# Made a wonderful dinner the other night



## Maestro (Apr 23, 2010)

Made a pan-seared sirloin with a red wine sance. My wife made basil/garlic mashed potatoes to go along with it. I rubbed the sirloin down with a crushed peppercorn/allspice combo and made the red wine sauce with shallots and a tasty zinfandel. It all turned out so very nice. Then, poured glasses of the zinfandel to accompany the food. Yum.


----------



## Leanne (Apr 23, 2010)

That does sound really nice.


----------



## Maestro (Apr 23, 2010)

Thanks Leanne!


----------



## Runningwolf (Apr 23, 2010)

Sounds really good, but if you really want to tease us show a picture next time!


----------



## Maestro (Apr 23, 2010)

Runningwolf said:


> Sounds really good, but if you really want to tease us show a picture next time!

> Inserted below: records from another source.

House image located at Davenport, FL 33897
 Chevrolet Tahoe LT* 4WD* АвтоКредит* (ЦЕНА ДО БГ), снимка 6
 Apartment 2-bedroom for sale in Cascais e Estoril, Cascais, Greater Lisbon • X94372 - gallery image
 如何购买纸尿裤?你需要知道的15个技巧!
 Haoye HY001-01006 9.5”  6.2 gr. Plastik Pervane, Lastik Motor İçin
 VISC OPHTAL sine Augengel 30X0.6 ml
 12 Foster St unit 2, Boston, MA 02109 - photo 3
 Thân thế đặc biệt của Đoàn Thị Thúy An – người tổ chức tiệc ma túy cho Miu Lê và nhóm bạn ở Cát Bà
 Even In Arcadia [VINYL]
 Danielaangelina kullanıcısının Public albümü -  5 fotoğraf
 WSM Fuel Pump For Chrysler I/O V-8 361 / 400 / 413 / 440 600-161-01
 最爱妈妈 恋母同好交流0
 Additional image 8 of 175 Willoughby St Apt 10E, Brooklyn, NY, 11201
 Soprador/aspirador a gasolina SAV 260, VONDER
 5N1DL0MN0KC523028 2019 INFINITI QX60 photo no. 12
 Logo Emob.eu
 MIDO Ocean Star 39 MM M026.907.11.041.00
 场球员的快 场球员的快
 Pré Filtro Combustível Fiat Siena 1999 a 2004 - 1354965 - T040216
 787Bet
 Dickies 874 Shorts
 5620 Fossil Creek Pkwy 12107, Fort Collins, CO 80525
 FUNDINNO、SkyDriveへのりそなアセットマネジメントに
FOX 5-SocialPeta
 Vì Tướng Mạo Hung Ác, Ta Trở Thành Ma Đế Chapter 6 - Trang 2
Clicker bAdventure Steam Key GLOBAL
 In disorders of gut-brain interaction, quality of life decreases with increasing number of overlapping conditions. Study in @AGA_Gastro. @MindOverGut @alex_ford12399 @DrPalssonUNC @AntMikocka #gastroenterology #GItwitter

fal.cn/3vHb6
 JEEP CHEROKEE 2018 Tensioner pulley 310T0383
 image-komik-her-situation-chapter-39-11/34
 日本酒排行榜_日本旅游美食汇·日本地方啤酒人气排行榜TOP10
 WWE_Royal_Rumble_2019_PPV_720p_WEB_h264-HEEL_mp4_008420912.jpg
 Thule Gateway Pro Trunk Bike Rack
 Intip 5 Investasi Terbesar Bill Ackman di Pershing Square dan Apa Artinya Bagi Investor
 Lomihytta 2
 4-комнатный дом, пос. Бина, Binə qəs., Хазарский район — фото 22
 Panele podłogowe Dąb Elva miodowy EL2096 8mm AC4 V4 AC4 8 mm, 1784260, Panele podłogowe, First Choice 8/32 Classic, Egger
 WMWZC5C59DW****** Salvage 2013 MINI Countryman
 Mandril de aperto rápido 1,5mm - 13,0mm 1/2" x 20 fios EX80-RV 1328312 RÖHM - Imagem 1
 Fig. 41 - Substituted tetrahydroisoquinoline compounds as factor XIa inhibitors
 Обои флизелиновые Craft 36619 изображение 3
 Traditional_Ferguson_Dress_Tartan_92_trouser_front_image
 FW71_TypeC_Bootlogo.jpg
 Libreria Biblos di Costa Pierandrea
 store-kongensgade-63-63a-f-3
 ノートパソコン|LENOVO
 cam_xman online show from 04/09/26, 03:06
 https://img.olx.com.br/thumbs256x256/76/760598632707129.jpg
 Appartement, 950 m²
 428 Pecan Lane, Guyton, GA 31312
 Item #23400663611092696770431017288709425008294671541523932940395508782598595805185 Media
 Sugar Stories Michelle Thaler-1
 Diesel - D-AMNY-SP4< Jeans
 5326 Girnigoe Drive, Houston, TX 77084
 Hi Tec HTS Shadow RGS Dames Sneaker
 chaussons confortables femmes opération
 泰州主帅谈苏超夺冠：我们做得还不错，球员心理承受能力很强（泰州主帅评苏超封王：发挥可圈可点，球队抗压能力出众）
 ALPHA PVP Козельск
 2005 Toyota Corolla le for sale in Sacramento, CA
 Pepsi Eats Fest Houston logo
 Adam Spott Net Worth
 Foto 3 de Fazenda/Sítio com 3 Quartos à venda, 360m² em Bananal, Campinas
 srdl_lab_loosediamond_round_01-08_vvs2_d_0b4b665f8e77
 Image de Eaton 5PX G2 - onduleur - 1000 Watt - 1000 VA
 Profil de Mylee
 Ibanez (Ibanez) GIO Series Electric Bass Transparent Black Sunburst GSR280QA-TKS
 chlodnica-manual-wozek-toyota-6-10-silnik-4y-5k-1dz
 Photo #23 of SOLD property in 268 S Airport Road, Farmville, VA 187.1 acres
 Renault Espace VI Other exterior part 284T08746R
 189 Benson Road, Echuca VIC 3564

I will most certainly provide pics the next time. lol!


----------



## DesertDance (Jun 1, 2010)

*Cherokee Town and Country*

Hey Maestro! That sounds delish! Club Corp member here! Home club is Cherokee Town & Country in Atlanta! Maybe you can cook that for me and JD whenever we're around!

Don't worry. That's my home club, but live in California now. Golfing here tomorrow as a reciprocal member at Desert Falls Country Club. 
Suzi


----------



## Wade E (Jun 1, 2010)

I dont think I received the invitation, huh, it must have got lost in the mail!


----------